Pictures aside, can you reproduce the records word for word?

DATA FOR REVIEW:
[Start of Attachment]
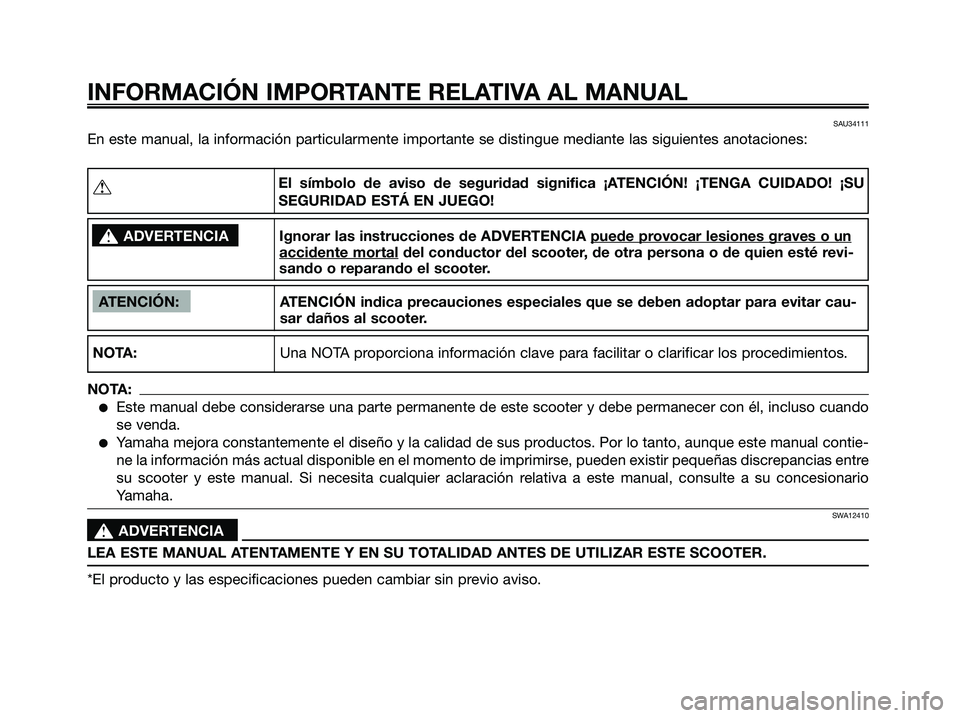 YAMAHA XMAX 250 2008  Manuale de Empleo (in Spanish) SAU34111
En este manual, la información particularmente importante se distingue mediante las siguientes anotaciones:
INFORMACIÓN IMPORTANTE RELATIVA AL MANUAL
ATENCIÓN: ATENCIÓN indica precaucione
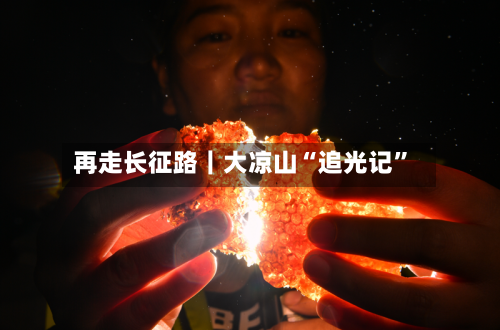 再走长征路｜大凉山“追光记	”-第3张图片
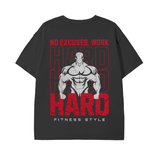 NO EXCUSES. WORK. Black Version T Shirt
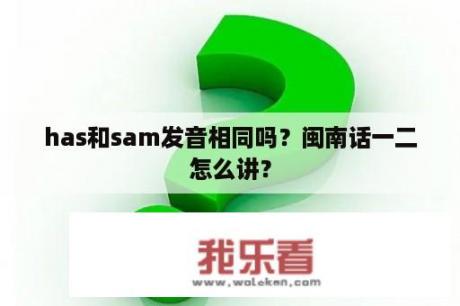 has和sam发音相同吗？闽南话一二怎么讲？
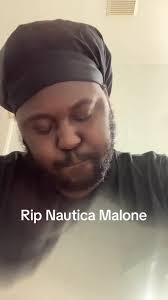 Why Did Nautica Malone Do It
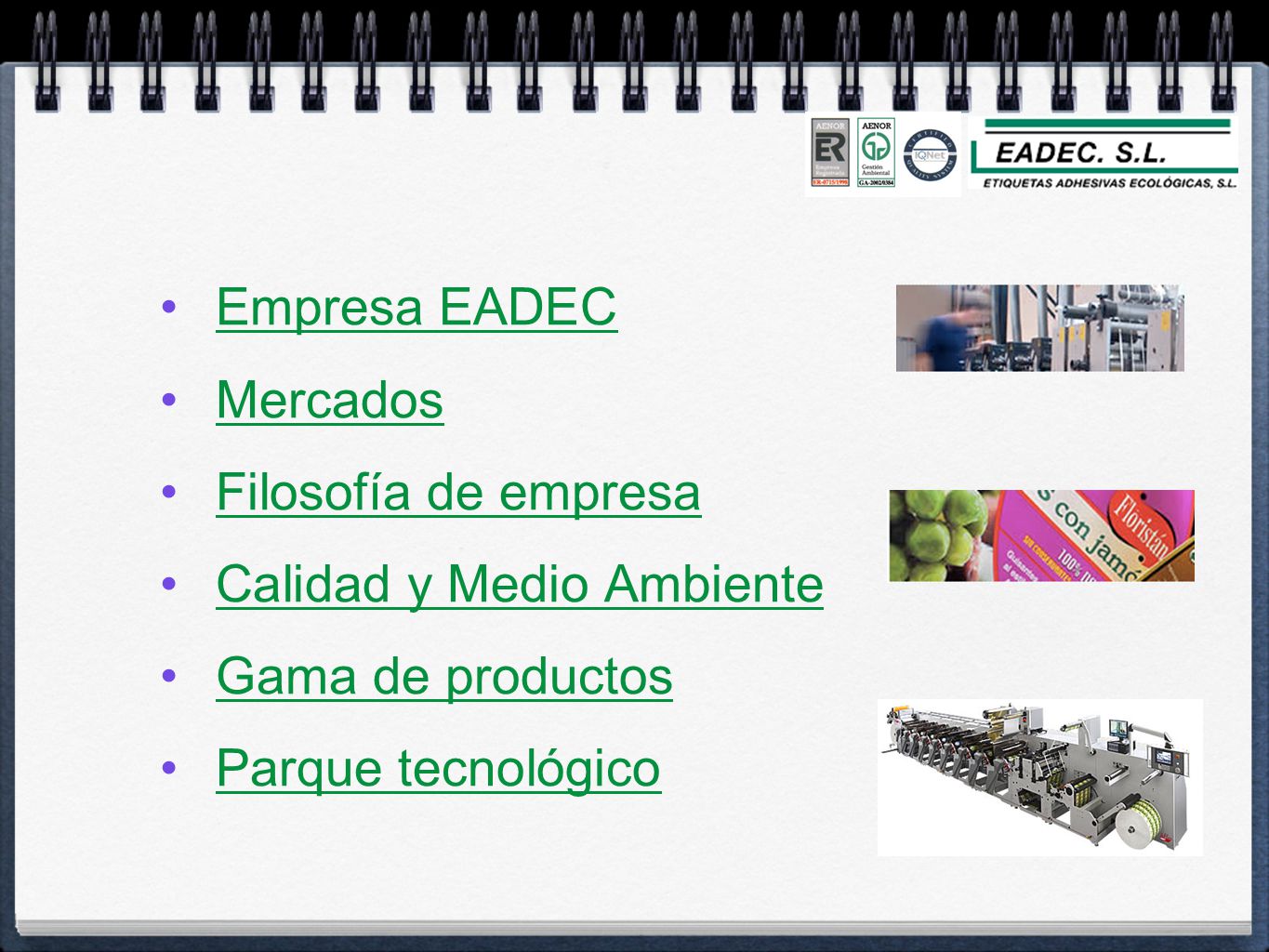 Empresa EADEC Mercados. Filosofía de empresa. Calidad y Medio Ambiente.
[End of Attachment]
YOUR SOLUTION:
 YAMAHA XMAX 250 2008  Manuale de Empleo (in Spanish) SAU34111
En este manual, la información particularmente importante se distingue mediante las siguientes anotaciones:
INFORMACIÓN IMPORTANTE RELATIVA AL MANUAL
ATENCIÓN: ATENCIÓN indica precaucione
 再走长征路｜大凉山“追光记	”-第3张图片
 NO EXCUSES. WORK. Black Version T Shirt
 has和sam发音相同吗？闽南话一二怎么讲？
 Why Did Nautica Malone Do It
 Empresa EADEC Mercados. Filosofía de empresa. Calidad y Medio Ambiente.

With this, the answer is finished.